OTOH string searching functions take Pattern trait, because they support closures |c: char|, but also &[char] slices or strings.

With caching I imagine people may want to have sophisticated implementations, more than some one-off one-liner at the call site. So foo.with_cache(MyFancyCache::new(caching_config)) can make sense.

3 Likes

To illustrate a bit the topic @kornel mentions (at least the way I see it), let's consider a simpler API than caching (as in, I think there are two orthogonal questions at play here: "how should this caching API look like" and "an API solely based on closures struggles with shared state"):

API (silly) ideä

If(::rand::random())
    .then(|| 42)
    .else_(|| 27);

Problem

let mut x = 0;
If(::rand::random())
    .then(|| x = 42) // Error: `x` borrowed here,
    .else_(|| x = 27); // but `x` was (also) `&mut`-borrowed here!
x

Solution

let mut x = 0;
If(::rand::random())
    .with_state(&mut x)
    .then(|x| *x = 42)
    .else_(|x| *x = 27);
x

which does work


So, back to the OP, you can make a multi-closure-based API work, but at the cost of this slightly cumbersome shared_state extra parameter.

The common suggestion here is then to let people impl some Trait instead.

trait Ite {
    type Output;
    fn then(self) -> Self::Output;
    fn else_(self) -> Self::Output;
}

fn ite<R>(condition: bool, bodies: impl Ite<Output = R>) -> R {
    if condition { bodies.then(condition) } else { bodies.else_(condition) }
}

Since you can always offer a closure-based API with some helper type/function à la:

fn from_fns<State, R>(
    state: State,
    then: impl FnOnce(State) -> R,
    else_: impl FnOnce(State) -> R,
) -> impl Ite<Output = R>
{
    struct AdHocIte<S, T, E>(S, T, E);
    impl<R, E, S, T> Ite for for AdhocIte<S, T, E>
    where    
        T : FnOnce(S) -> R,
        E : FnOnce(S) -> R,
    {
        type Output = R;
        fn then(self) -> R { self.1(self.0) }
        fn else_(self) -> R { self.2(self.0) }
    }
    AdHocIte(state, then, else_)
}

Now, I hope that the if-then-else silly API has nonetheless proved to be a decent enough example to illustrate my point:

  • you can use a multi-closure API, but then make sure to offer a way to funnel through some shared-state to handle the disjunction

  • and/or a trait-based API, with nonetheless a from-closure based constructor.


Back to a cache

In the case of designing a cache, this will often involve some kind of HashMap structure, maybe with some extra tweaks.

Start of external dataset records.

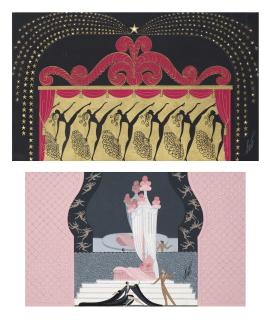 Erté - Projets de décors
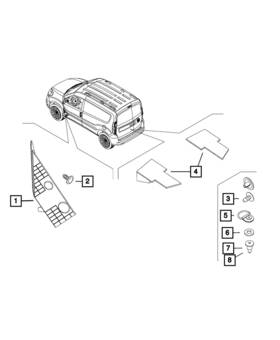 68266758aa Mopar Genuine Footrest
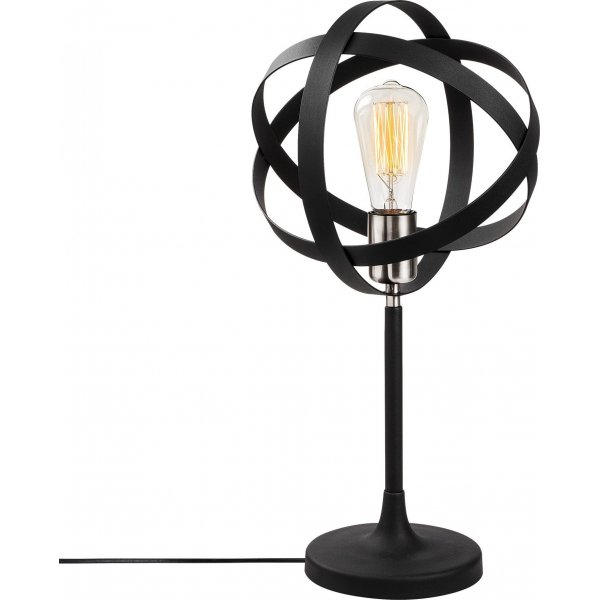 Gezegen bordslampa - Nickel/svart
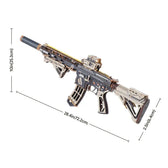 Assembled ROKR M416 Carbine dimensions of 28.4 × 2.5 × 10 inches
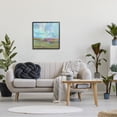 thumbnail image 2 of Stupell Industries Layered Abstract Grassland Scene Luminous Blue Sky Painting Black Framed Art Print Wall Art, Design by Michael Tienhaara, 2 of 7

In that case, the advantage of the trait is that we already have a canonical type for which to implement the trait:

impl<…> Cache for MyHashMapBasedCache<…> {
    fn on_…() { … }
    fn on_…() { … }
}
5 Likes

beatuiful explination. Thank you!!

I'm really struggling to impl this...

One of the problems with my proposed simple dual closure problem, is that actually the closures want to be called *with a unique key) for every page in the pdf. So for every page, i need to start the flow again, where we generate a key, and use that to retrieve/store.